A Fast Switched Backplane for a Gigabit Switched Router ('97)

Router design takes quite a bit of hardware organization. The internal of a router is divided into forwarding decision, backplane, and output-link scheduler. Forwarding decision takes care of the MAC header (TTL, checksum, and etc.). Output-link scheduling handles flow or priority control to meet QoS, while the backplane does the actual transfer from the input to its outgoing port. The paper analyzes the design of backplane.

Traditionally, backplane is built using bus. This is called "shared backplane". It's known to be non-scalable because at most one port can transmit at any given time. Using crossbar switch would be much more scalable, since there are multiple connections between the set of inputs and outputs. Packets can be transmitted simultaneously. There is time slot, and the between each time slot the switch is reconfigured. This means packets needs to be fixed length now in order to fit the time slot. This sounds similar to the comparison between CSMA and TDMA, only this being at the circuit level.

Crossbar-switched backplane faces three scenarios that may block signal from transmitting. First is called head-of-line (HOL) blocking, which comes from scheduling multiple FIFO queues. The top element prevents the ones after from participating. Input and output blocking are caused by contention in accessing the hardware.
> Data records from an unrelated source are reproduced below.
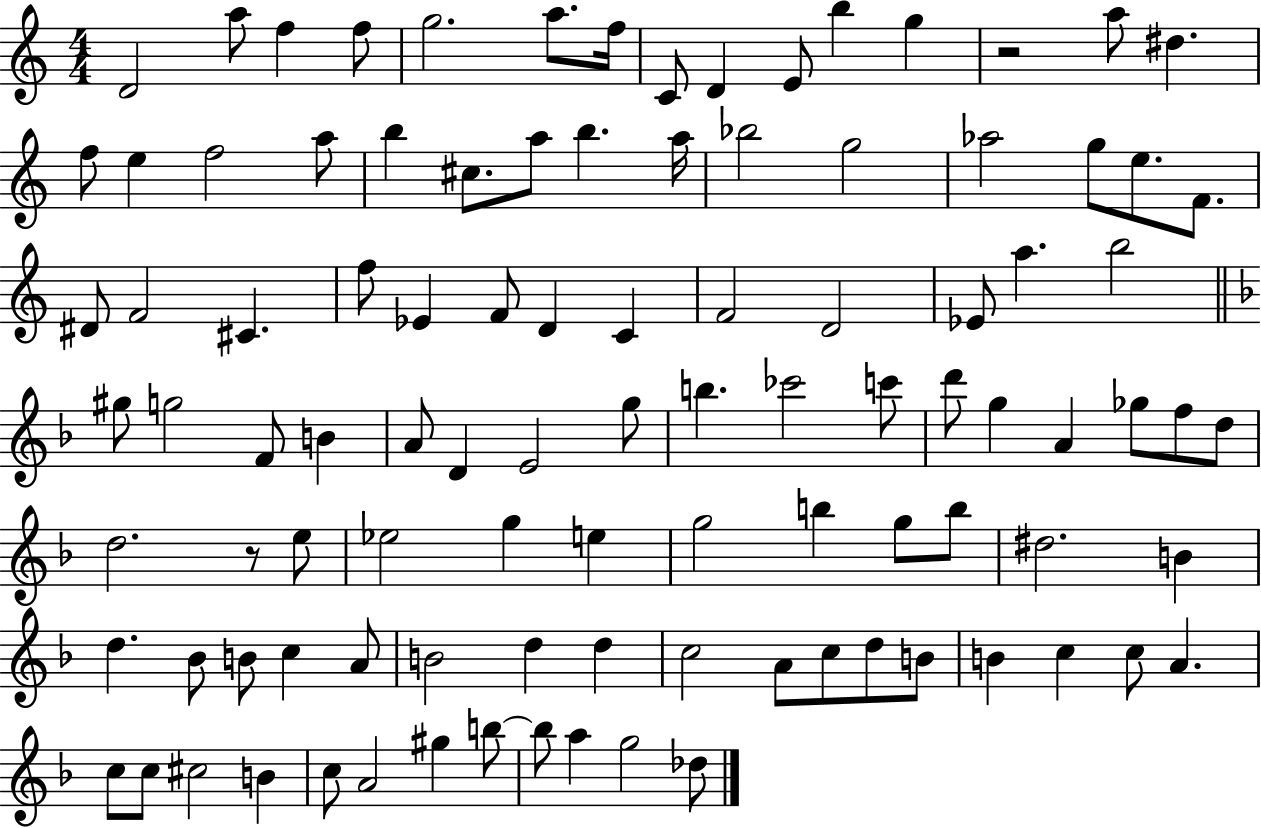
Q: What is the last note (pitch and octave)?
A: Db5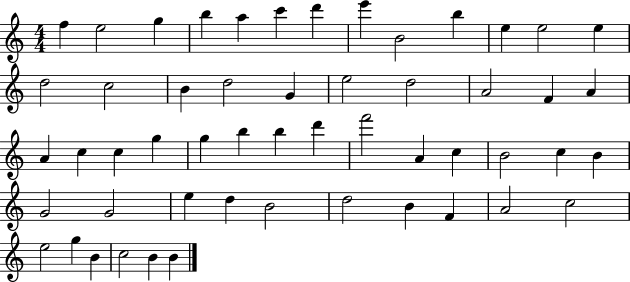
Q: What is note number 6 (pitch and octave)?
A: C6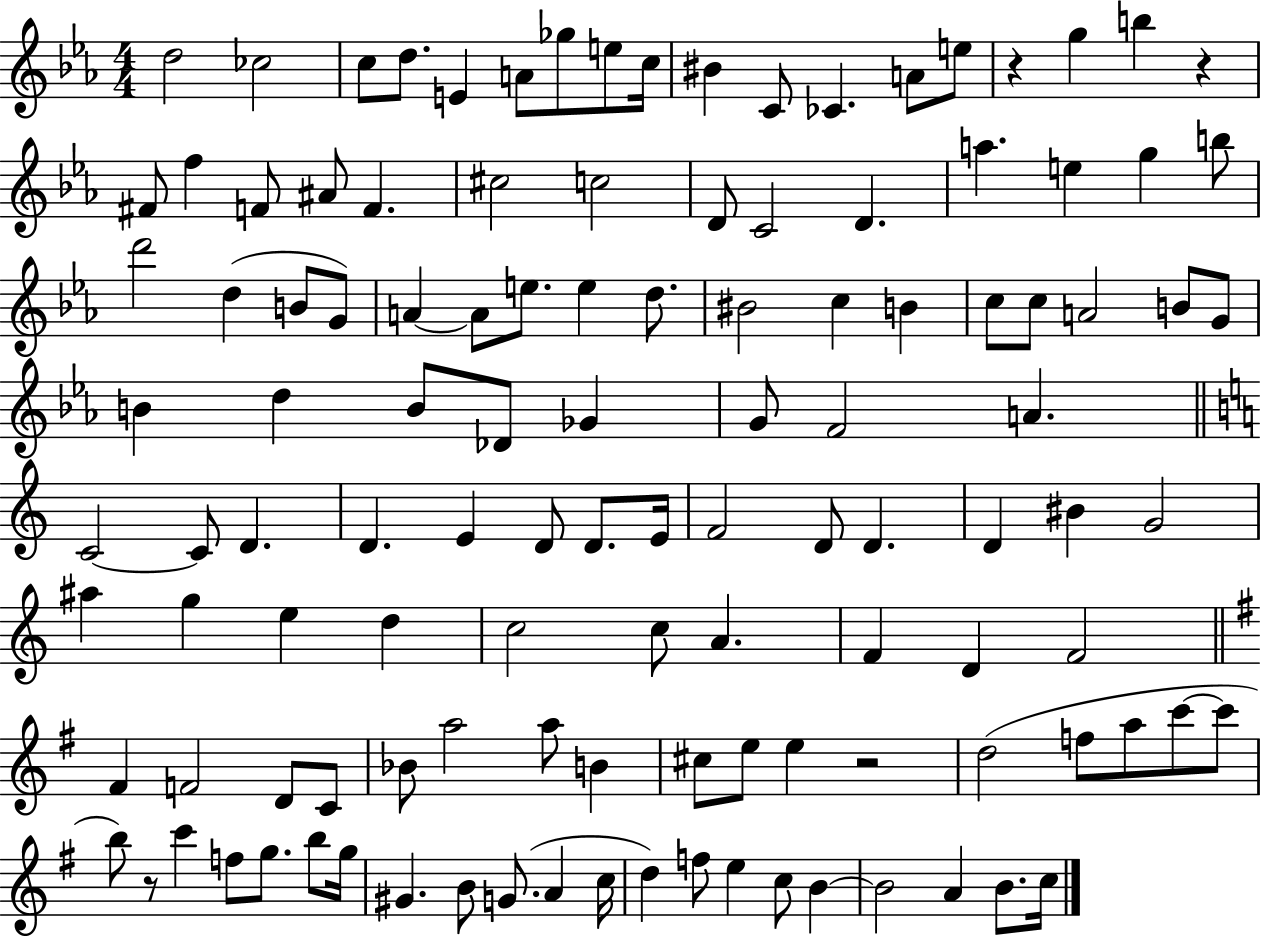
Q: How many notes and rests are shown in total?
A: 119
The way to deal with HOL blocking is to move away from FIFO and use something called Virtual output queuing (VOQ). Input maintains a queue for each output port, and sort the incoming packet into the corresponding queue before choosing one VOQ as input to enter the crossbar switch. In a sense, it adds an additional multiplexing stage. A simple scheduling algorithm called iSLIP is used to schedule these VOQs. iSLIP is two-sided (hand-shaking agreement), where output-side uses RR and input-side uses priority.

I wish the VOQ stuffs can be illustrated more in the paper. Sometimes it's hard to picture how these things are implemented. More importantly, they don't give a sense of what the overhead and cost are, even though the paper seems to focus heavily on implementation.

The paper gives a rough overall picture of the tread in router design. It gives a good sense to beginners like me in knowing about how queuing is done in routers. I recommend keeping this paper, especially if you'll need to read the optics paper.